Creating Perfect Loops

   By Lisa F   Categories: GeneralMixing Techniques

Creating suitable loops is an art form in itself. So now that you know how important looping is, how do you do it?

Looping often starts in a DAW. Loops are self-contained audio regions, that are sourced or recorded and then cut, trimmed and tested to make sure they do not skip. It is a good idea to test your loops in a stereo editing program like Sound Forge or Adobe Audition after you bounce them out of your DAW to make sure that your ear is not being fooled and that they are in fact seamless.

Be patient—sometimes it can take a while to find a seamless loop point, you may find yourself blowing up the waveform to quite an extreme degree in order to find a suitable zero crossing point. What’s that? Well, a sound waveform graphically goes up and down around a center point of no volume. A seamless loop can most likely be created when the end of the loop and the beginning of the loop cross the exact center of the waveform where the volume of the wave is essentially zero. This is known as a “zero crossing” and it is vital to avoid clicks and pops. If you’re only selecting a loop of a few waveform cycles you can visually see the beginnings and endings of loops easily on the screen. However, for longer loops you may need blow up the waveform view to a more extreme magnification. Then you will set your loop markers, listen, and gradually change your marker points until a suitable zero crossing is found.

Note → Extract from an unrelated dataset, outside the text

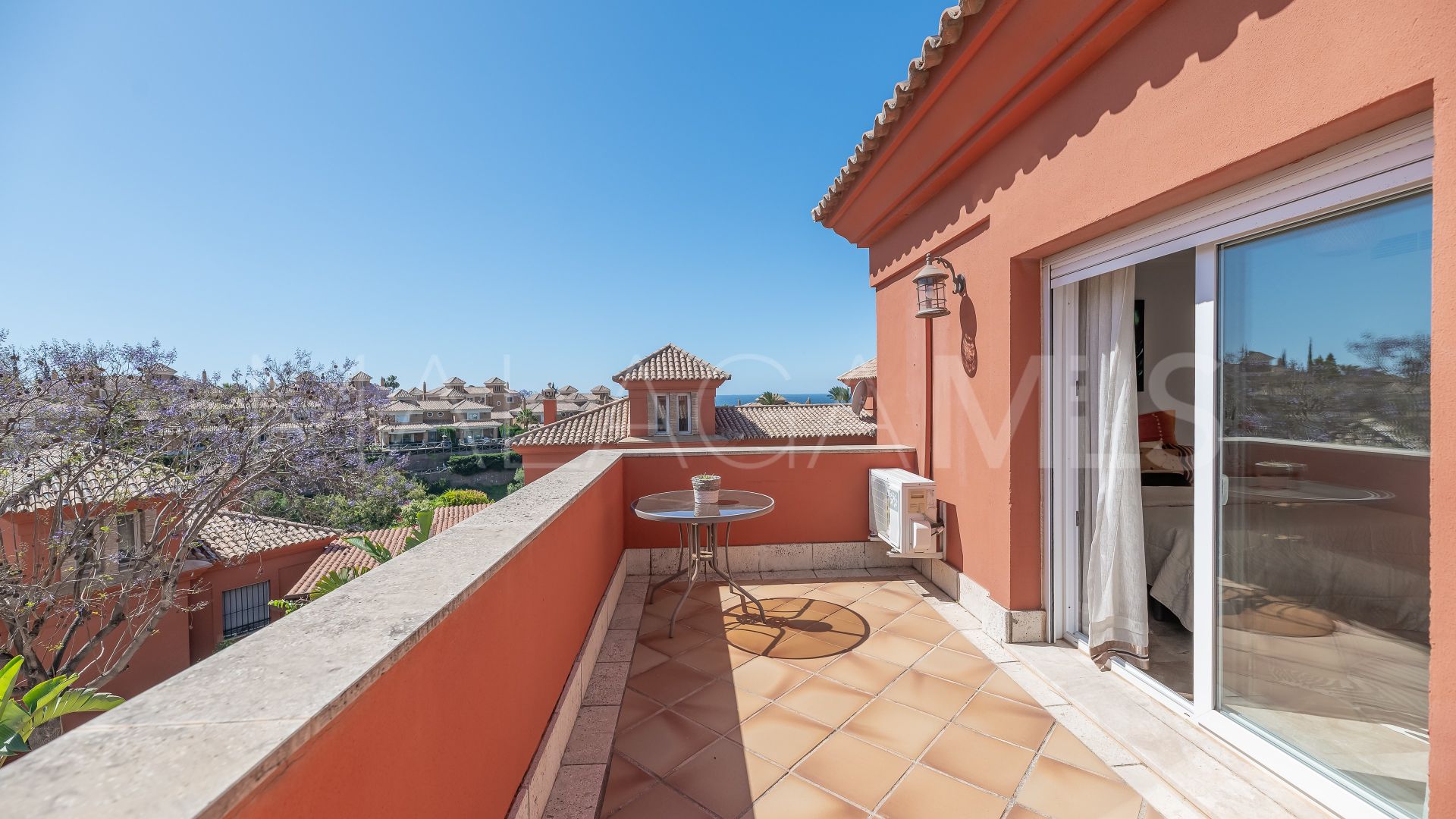 Town house for sale in Los Monteros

This image shows how to get a seamless loop by using a zero crossing to smooth the transition point between the beginning and end of the fi le. Credit: Jeremy Engels.

In some cases, it may be necessary to fade the waveform in or out, or you may also need to redraw the very end point of a wave file to avoid that pop or click. The length of the fade in/out will depend greatly on the situation. If you’re trying to create the best example of a continuous fan hum or an ominous turbine sound in an engine room then you may be reducing the length of your fades to mere milliseconds in order to avoid an obvious sense of the sound fading in and out. In other cases, some effects may have a pulsing component where they rise and fall naturally or regularly and this can be taken advantage of when designing your loop. Loops can be tricky and sometimes it takes a little bit of practice to get them right, but it’s really worth it to get it right before you send it out the door!